The comments from Edmund Adamus, director of pastoral affairs at the diocese of Westminster and an adviser to the Most Rev Vincent Nichols, have angered gay rights and secularists groups and provoked embarrassment among the Catholic hierarchy weeks before the pope visits Britain.
Senior figures, including Lord Patten of Barnes, have been keen to stress that the UK, while secular, is not anti-Catholic and that the pope is not flying into hostile territory.
Adamus told the Catholic news agency Zenit there was an "aggressive anti-Catholic bias towards the church and the pontiff" in this country that exceeded even countries that violently persecuted Christians.
"Historically, and continuing right now, Britain, and in particular, London, has been and is the geopolitical epicentre of the culture of death.
"Our laws and lawmakers for over 50 years or more have been the most permissively anti-life and progressively anti-family and marriage, in essence one of the most anti-Catholic landscapes, culturally speaking, than even those places where Catholics suffer open persecution."
He also talked about marriage and the role of men and women, urging Catholics to "exhibit counter-cultural signals against the selfish, hedonistic wasteland that is the objectification of women for sexual gratification."

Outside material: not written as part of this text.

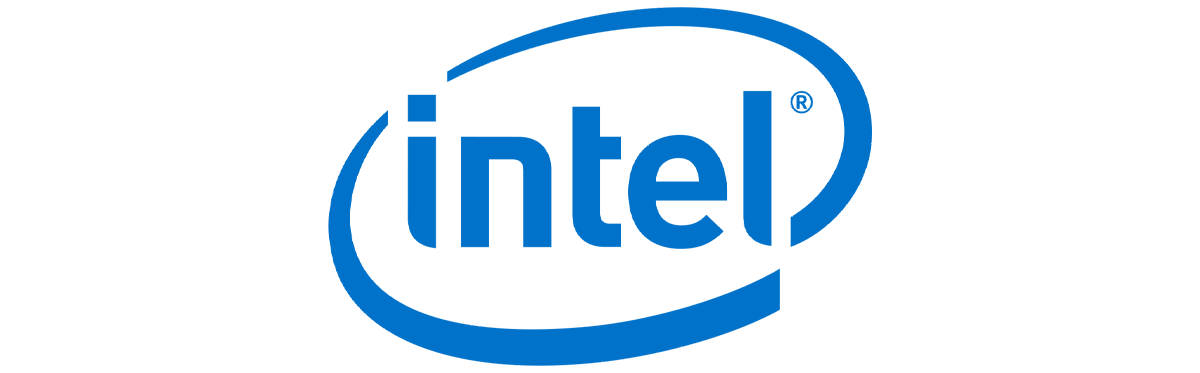 Intel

"Britain in particular, with its ever-increasing commercialisation of sex, not to mention its permissive laws advancing the 'gay' agenda, is such a wasteland."
A spokesman for Nichols said the views expressed by Adamus "did not reflect the archbishop's opinions".

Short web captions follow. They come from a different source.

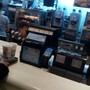 фото McDonald`s 5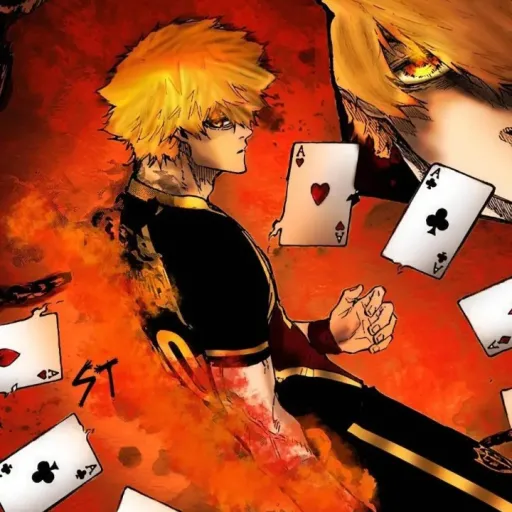 creator kunigami mn's avatar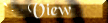 tview.gif (3015 bytes)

Ben Summerskill, from the gay rights group Stonewall, said the comments were "gratuitously offensive".
He told the Independent: "The gratuitously offensive comments being made by the archbishop's adviser are hardly likely to promote sensitive debate about respect for religion in the 21st century. You would think that, given its present status, the Roman Catholic church in Britain would be slightly more sensitive about wagging its finger at other people".